Advanced techniques, covered in chapter 4, will reduce mems advantage.
Problem 2
Part (a)
0 1 2 3 4
lw IF ID EX MEM WB
add IF ID EX WB
The hazard occurs in cycle 4.
Part (b)
The modifications (additions) are shown in red.

If the "=ARITH" comparison unit in the EX stage detects an arithmetic
instruction, the IR and ALU outputs are written to the MEM/WB latches,
skipping a stage. Note that this replaces whatever was in MEM, resulting
in incorrect execution if a WB structural hazard is present.
Part (c)
The structural hazard could be avoided by adding a second write
port to the register file (additional changes would have
to be made to the part (b) solution)
or by having an arithmetic instruction
execute normally if skipping the MEM stage would result in
a structural hazard.
Part (d)
The benefit of skipping the MEM stage is that registers are written
one cycle early. If register forwarding is not used then early
writeback reduces the number of stall cycles due to RAW hazards,
which is worthwhile. If register forwarding is used, then there is no
benefit to early writeback since results from any arithmetic
instruction are available to instructions immediately following.
Problem 3
Part (a)
An undefined instruction in an ISA might still do something useful in
an implementation of that ISA. (This might happen by accident.)
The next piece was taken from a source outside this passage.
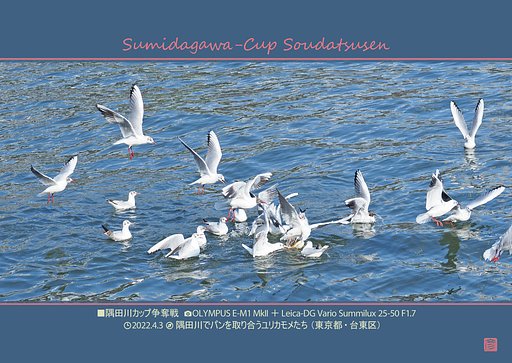 隅田川カップ争奪戦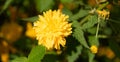 yellow dandelion daisy flower. macro. nature beauty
Suppose programmers discover such an instruction in a current
implementation and use it in their code. These programs would run
fine on the current implementation, but the computer engineers working
on the new implementation of the ISA may make no attempt to see that
undefined instructions execute the same way. (Why should they, the
instructions were undefined and programmers were warned not to use
them.) Therefore, computers using the new chip may not be able to run
the programs using the undefined instructions.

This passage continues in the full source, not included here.